Sometimes when plotting functions, you want to do some operation on the y-axis. This comes up when you want to plot say decibels vs. frequency. It is not clear how you can do an operation like performing 10 Log10 on the y-axis values. Is there a straight forward way to do this? Incidentally, LogPlot just gives you the y-axis in log form.

POSTED BY: Jesse Sheinwald
Answer
12 days ago

Below are two methods. Here the function applied to the y data is Log, but any other will do as well. Also, have a look at LogLogPlot and LogLinearPlot.

xyData = RandomReal[{.1, 10}, {5, 2}]

(* {{3.7863585396010766`,2.0525620539014238`},{5.685398066640987`,4.\
020348266453116`},{7.6771838544964695`,9.879694699280535`},{4.\
361245849573017`,1.6275433819822656`},{7.313321495705271`,6.\
484234251087724`}} *)

(* mapping a pure function *)
oneWay = {#[[1]], Log[#[[2]]]} & /@ xyData

(* {{3.7863585396010766`,0.7190887952133352`},{5.685398066640987`,1.\
3913685323245182`},{7.6771838544964695`,2.290481610399797`},{4.\
361245849573017`,0.48707175034119526`},{7.313321495705271`,1.\
8693737307790999`}} *)

(* applying a rule *)
anotherWay = xyData /. {x_, y_} -> {x, Log[y]}

(* {{3.7863585396010766`,0.7190887952133352`},{5.685398066640987`,1.\
3913685323245182`},{7.6771838544964695`,2.290481610399797`},{4.\
361245849573017`,0.48707175034119526`},{7.313321495705271`,1.\
8693737307790999`}} *)
POSTED BY: David Keith
Answer
11 days ago

ScalingFunctions

POSTED BY: Kapio Letto
Answer
11 days ago

I think scaling functions can be used to scale the plot, but the values indicated will be the original. In cases like dB, you really want to plot 10 Log(power). Am I wrong on this?

POSTED BY: David Keith
Answer
10 days ago

David's approach is interesting, but it does not give me what I am looking for. What I ultimately want is the y-axis to be linear in decibels is 10 decibel increments. Matlab can readily do this.

Attachments:
POSTED BY: Jesse Sheinwald
Answer
9 days ago

TimeSeries are also useful for this even if the x's are not times.

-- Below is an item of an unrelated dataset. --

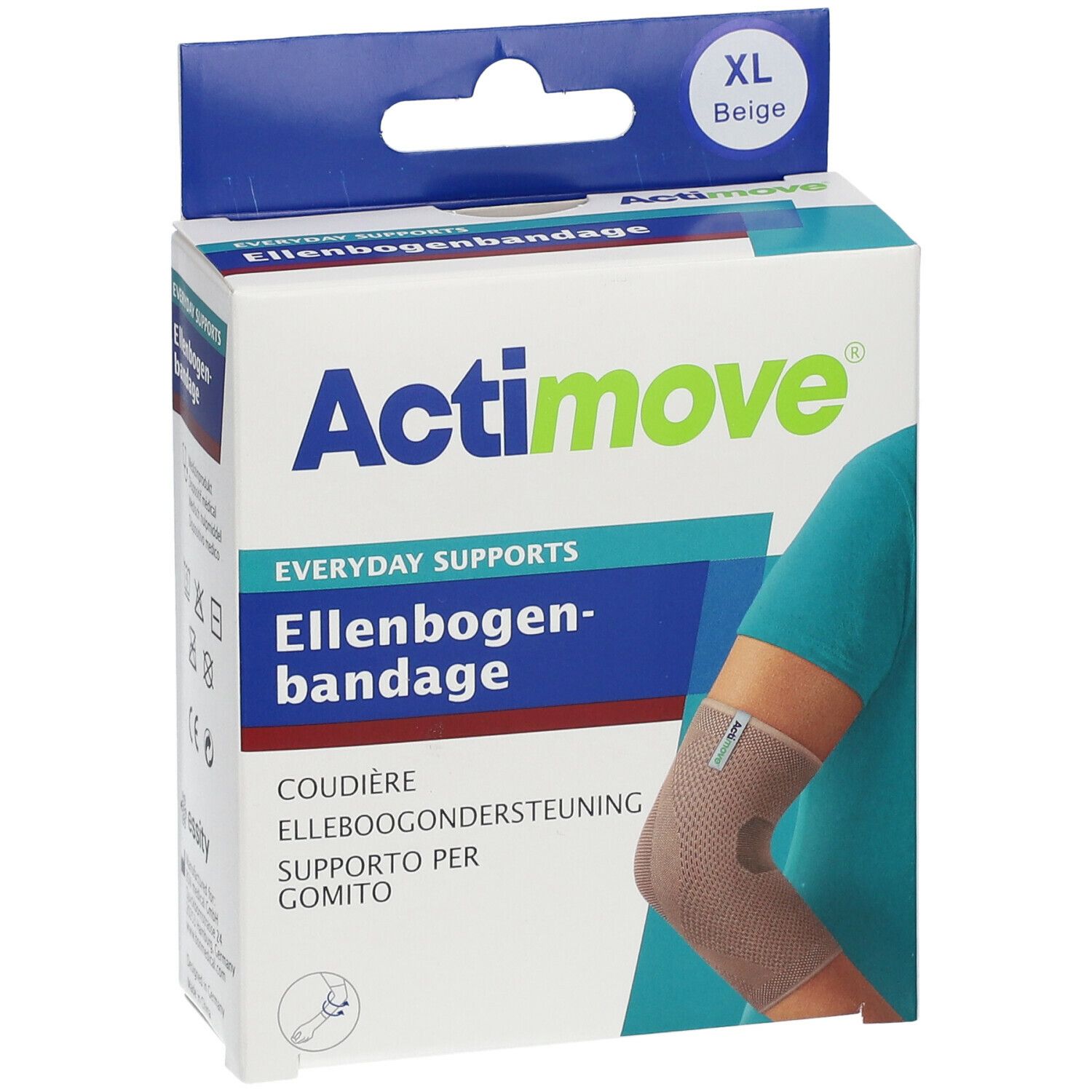 Actimove elleboogbandage XL verpakking. Beige. Afbeelding van arm met bandage. Opschrift: Everyday Supports, Ellenbogenbandage.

POSTED BY: Gustavo Delfino
Answer
9 days ago

If you want the y-axis linear in dB, then convert gain to dB using the appropriate function and plot the y-axis using a linear scale. For power gain, the gain in dB is 10 Log10(gain). (For voltage or current gain, 20 Log10(gain).) For most control theory and electronics design purposes, a graph which is logarithmic in frequency and linear in dB is common. Using the Butterworth high pass in your notebook:

tfhpb = ButterworthFilterModel[{"Highpass", {1000, 4000}, {40, .1}}];

Plot[10 Log10[Abs[tfhpb[I \[Omega]]]], {\[Omega], 0, 10000}, 
 Frame -> True, PlotRange -> {-60, 10}, 
 GridLines -> {Automatic, Range[-100, 100, 20]}, 
 ScalingFunctions -> {"Log10", None}, 
 FrameLabel -> {"Frequency (Hz)", "Gain (dB)"}, LabelStyle -> 14]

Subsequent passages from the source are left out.